Foto: Divulgação/SMetal

Por Juliane Furno

Lula ainda nem é, de direito, o novo mandatário da Presidência da República, mas o é, de fato. Assim como todo o Presidente, as pressões políticas, especialmente as do “mercado” recaem sobre ele. É fato notório que a complacência do “mercado” com governantes de centro esquerda costuma ser menor do que aquela com representantes de outro espectro político.

O tema que mais tem embalado o noticiário econômico nas últimas semanas é a preocupação do “mercado” com relação à responsabilidade fiscal doA (futuro) presidente, uma vez que Lula tem se comprometido, demasiadamente, com a “responsabilidade social”.

Afinal, o que significa ser responsável fiscalmente? E mais, é possível ter responsabilidade fiscal, ou seja, equilibrar as contas públicas e reduzir a trajetória da dívida pública líquida do setor público com relação ao PIB aumentando os gastos públicos? A resposta é sim, é possível.

Parece contraintuitivo, e isso deve-se a forma como o próprio jornalismo econômico e os agentes políticos costumam apresentar a questão, quase sempre, negligenciando o efeito multiplicador do gasto público, uma questão elementar para a perspectiva econômica baseada na macroeconomia Keynesiana. Ou seja, apresenta-se, comumente, o “gasto” público como um dinheiro que apenas “vai embora” dos cofres públicos.

Ocorre que o gasto público, especialmente as transferências de renda como Previdência ou transferências monetárias diretas como Bolsa Família, têm um elevado multiplicador fiscal.

Dessa forma, a cada R$ 1 gasto nessas políticas, adiciona-se mais de R$ 1 à economia nacional. Isso deve-se, sobretudo, a “maior propensão marginal a consumir” dos mais pobres, que não poupam esses recursos, mas os devolvem ao mercado interno através de consumo, o que é, no Brasil, fortemente tributado, fazendo parte importante retornar diretamente aos cofres públicos e indiretamente através da manutenção da demanda em forma da manutenção/expansão do emprego e da produção.

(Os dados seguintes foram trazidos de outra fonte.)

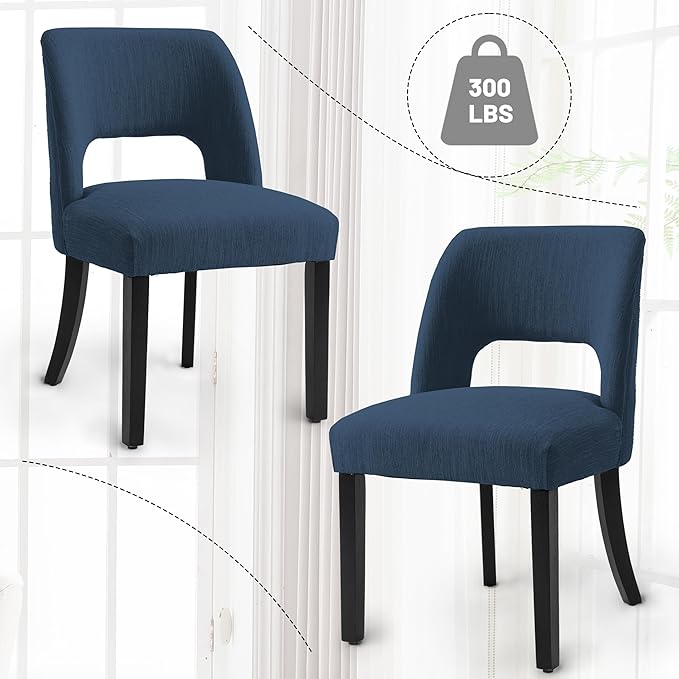 VKNOW Wooden Dining Chairs Set of 4, Modern Fabric Upholstered Dining Room Chair Kitchen Chairs, Farmhouse Dinner Chair for Kitchen Dining Room, Blue-Black Legs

Além disso, também é pouco apontado, quando se fala sobre finanças públicas e responsabilidade fiscal, que a dívida pública é uma “relação” e que o denominador da conta – o PIB – importa. Dessa forma, se em torno de 65% do PIB é consumo, mesmo que em termos reais a dívida pública aumente, a relação dívida/PIB pode se estabilizar ou mesmo cair, se o PIB crescer, e o PIB cresce com consumo, gastos do governo e investimentos.

Por fim, não somente é possível ter responsabilidade fiscal com aumento dos gastos públicos quanto é possível ser irresponsável cortando gastos, e felizmente a história recente está aí para nos provar. Vejamos dois exemplos. Nos oito anos de governos houve um superávit anual médio em torno de 2%. Ou seja, todos os anos o governo arrecadou mais do que gastou. No entanto, essa “economia” não foi às custas do corte de gastos, pelo contrário. A expansão média anual dos gastos primários do Estado foi de 5%. Se o critério for a trajetória da dívida pública, houve uma redução de 60% do PIB para um pouco menos 40% e tudo isso aumentando gastos públicos.

No Governo Dilma, entre 2011 e 2014 os gastos públicos seguiram crescendo, mas em desaceleração. Entre 2014 e 2016 houve redução real do volume dos gastos públicos e, desde 2014 há déficit primário, com aumento exponencial da dívida pública a partir de 2015, justamente quando há a aplicação do receituário mais avantajado de austeridade fiscal.

Portanto, é possível. Não necessário cortar ou ampliar gastos é determinante para a trajetória nem do déficit nem da relação dívida/PIB. Dessa forma, é necessário complexificar o debate e sair do lugar comum.